*Work instruction*. Every line from the one with "People pay respects" up to and including the one with "bedroom with a" is to be output exactly as it appears below; pictures are not.

*The input*.
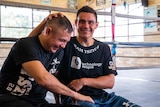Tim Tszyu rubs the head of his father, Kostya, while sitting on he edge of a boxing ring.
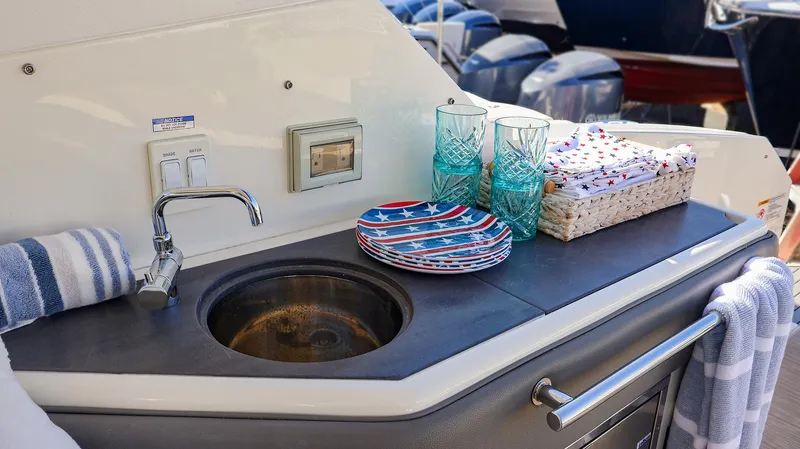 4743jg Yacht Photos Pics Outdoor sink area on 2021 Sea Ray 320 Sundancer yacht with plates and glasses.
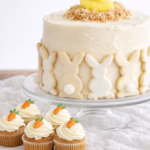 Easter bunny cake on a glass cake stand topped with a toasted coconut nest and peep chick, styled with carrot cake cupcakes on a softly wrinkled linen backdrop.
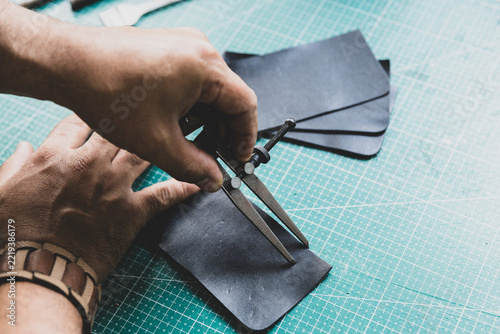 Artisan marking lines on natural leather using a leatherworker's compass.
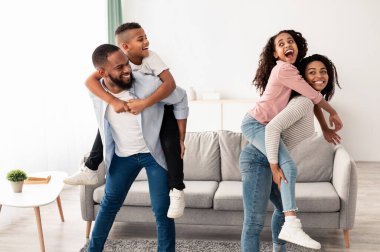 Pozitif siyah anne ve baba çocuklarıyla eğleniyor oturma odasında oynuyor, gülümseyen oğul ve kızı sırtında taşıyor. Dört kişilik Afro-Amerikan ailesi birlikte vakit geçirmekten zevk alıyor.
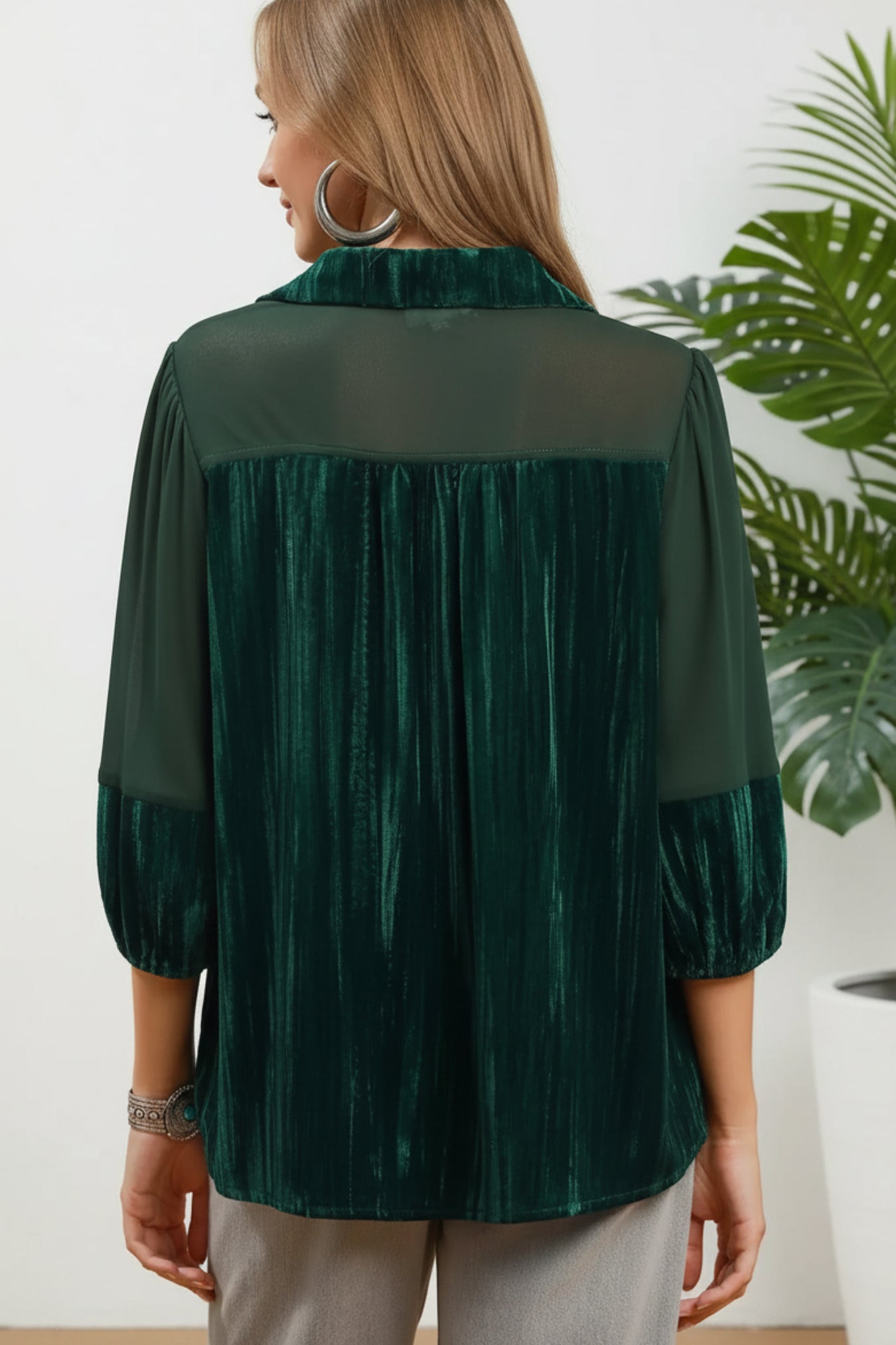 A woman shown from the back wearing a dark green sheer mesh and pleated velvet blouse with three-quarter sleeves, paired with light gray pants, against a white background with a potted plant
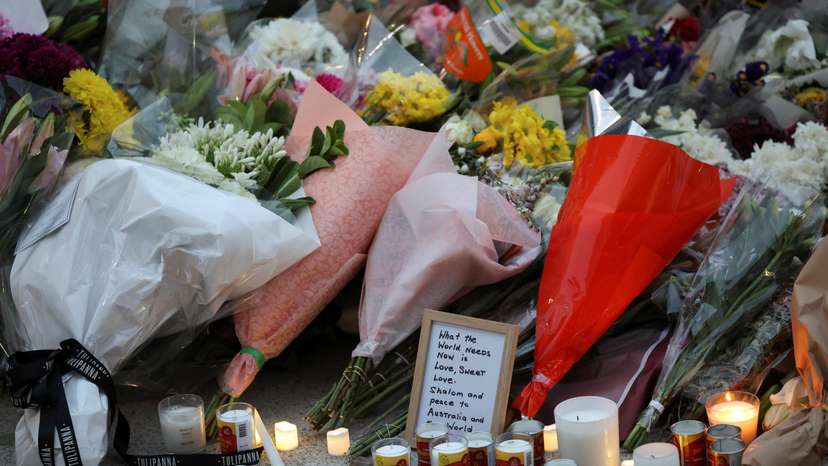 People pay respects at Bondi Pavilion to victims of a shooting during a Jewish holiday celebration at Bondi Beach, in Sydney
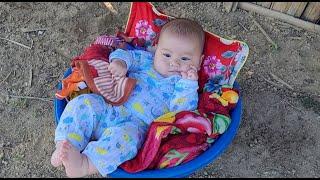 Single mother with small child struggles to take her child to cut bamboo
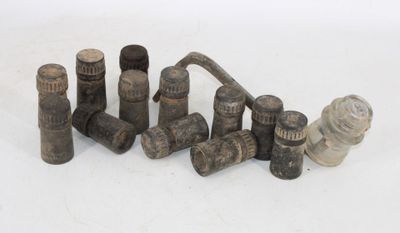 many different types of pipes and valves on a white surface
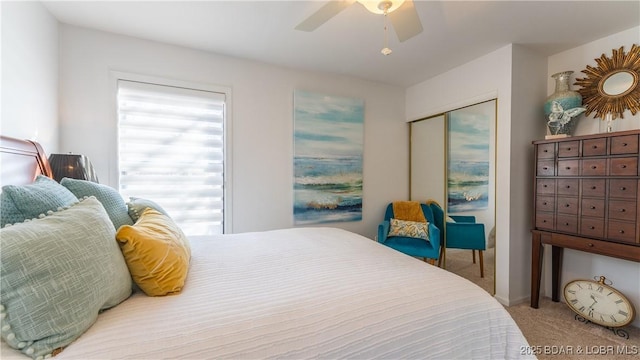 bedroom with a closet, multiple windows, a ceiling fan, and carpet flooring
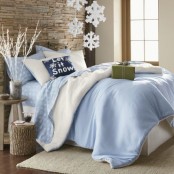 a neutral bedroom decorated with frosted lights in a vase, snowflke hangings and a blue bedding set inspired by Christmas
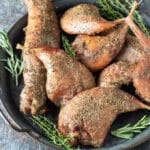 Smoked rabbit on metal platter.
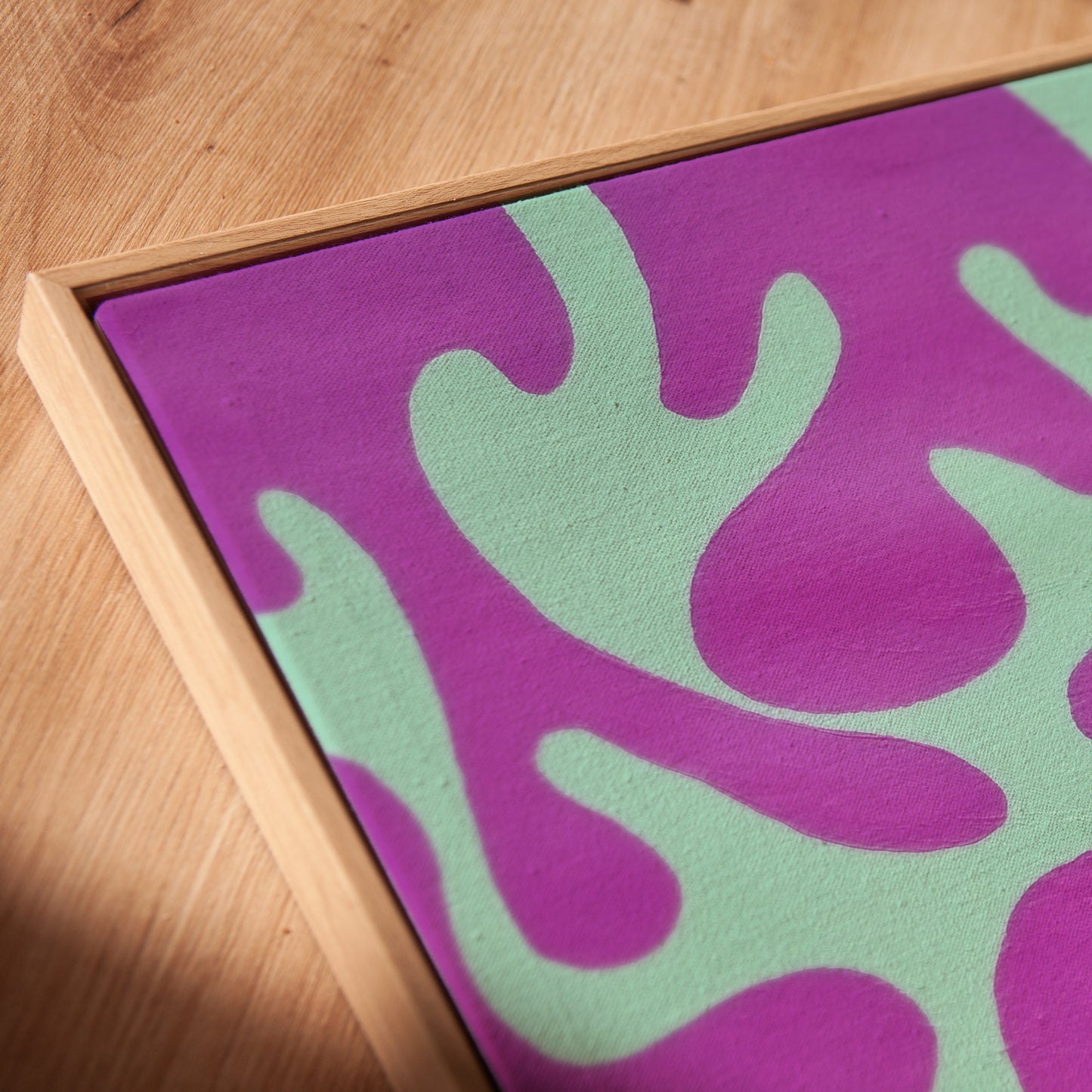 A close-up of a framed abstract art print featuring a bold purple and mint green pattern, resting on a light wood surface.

---

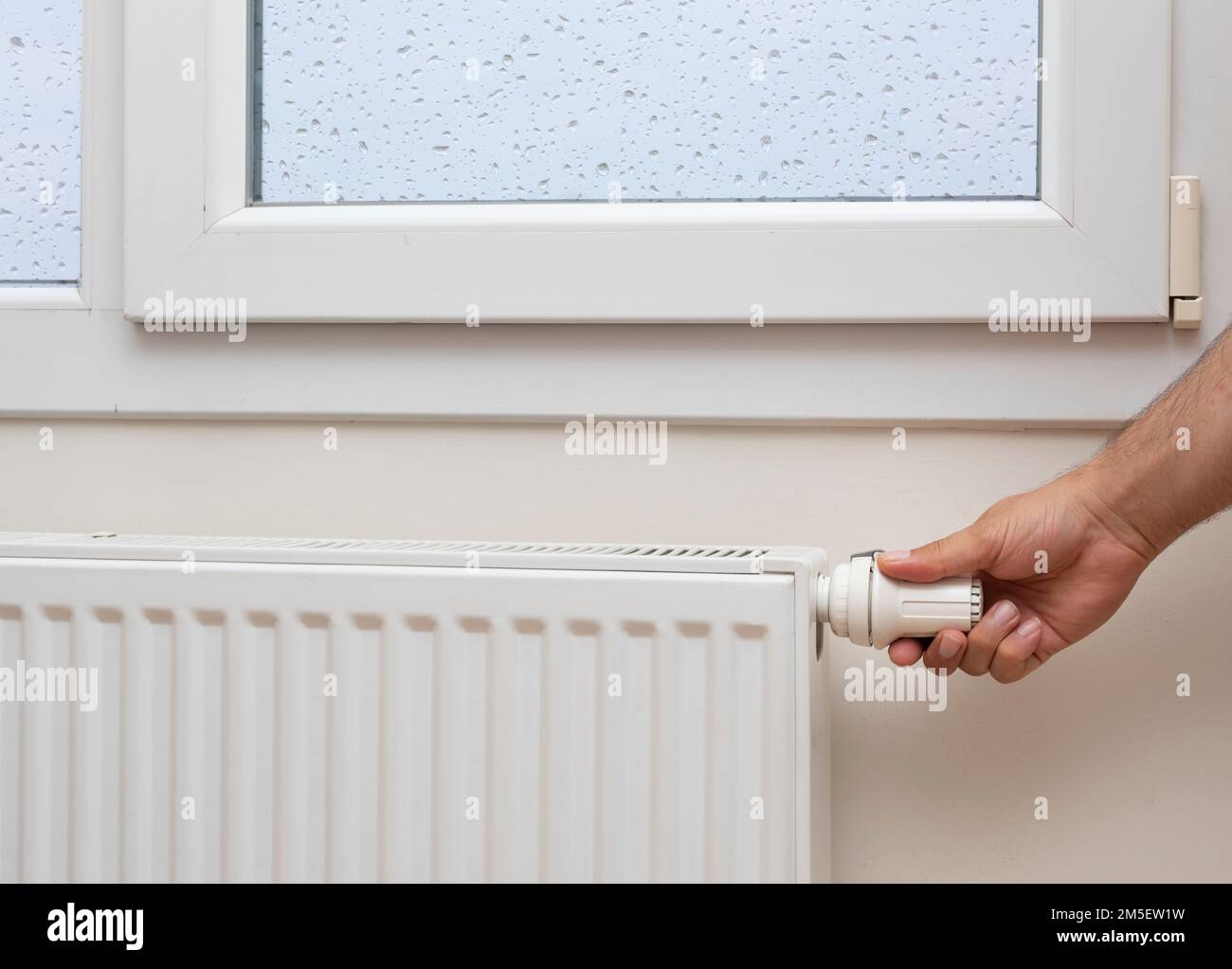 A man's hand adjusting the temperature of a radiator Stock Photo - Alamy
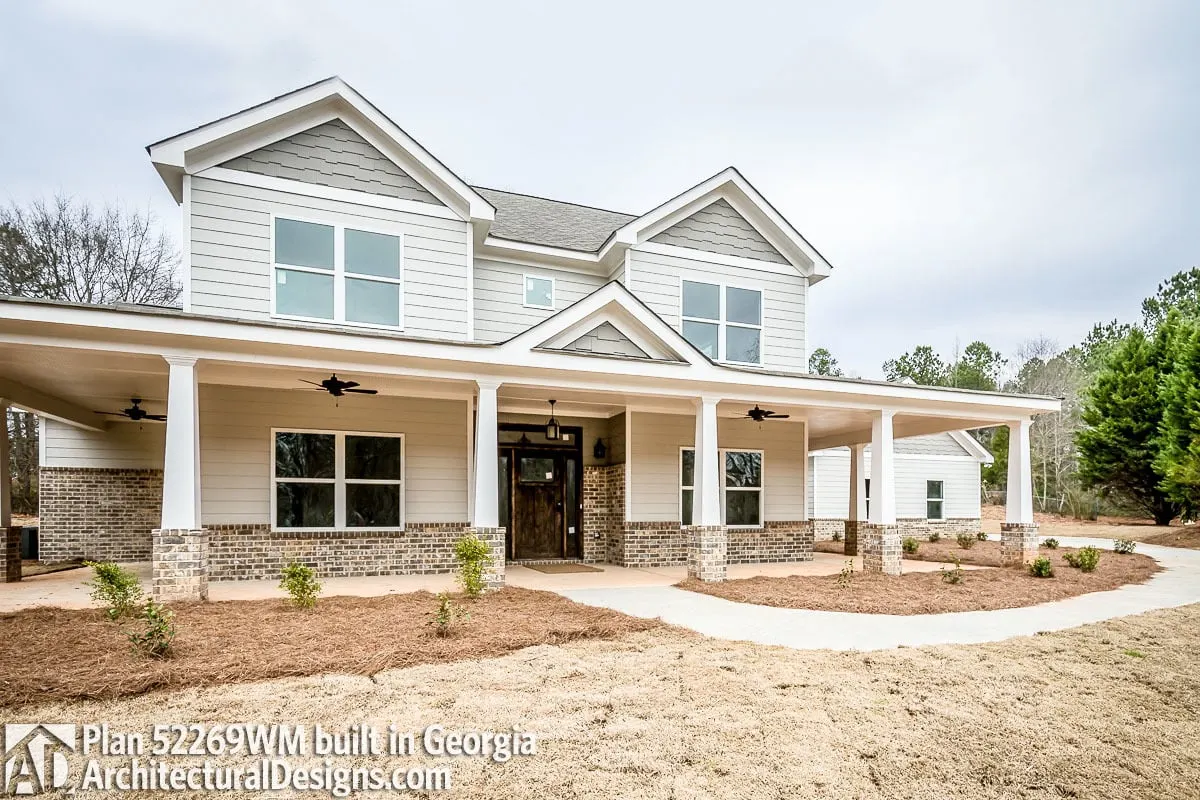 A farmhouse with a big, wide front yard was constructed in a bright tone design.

*Solution*.
 People pay respects at Bondi Pavilion to victims of a shooting during a Jewish holiday celebration at Bondi Beach, in Sydney
 Single mother with small child struggles to take her child to cut bamboo
 many different types of pipes and valves on a white surface
 bedroom with a closet, multiple windows, a ceiling fan, and carpet flooring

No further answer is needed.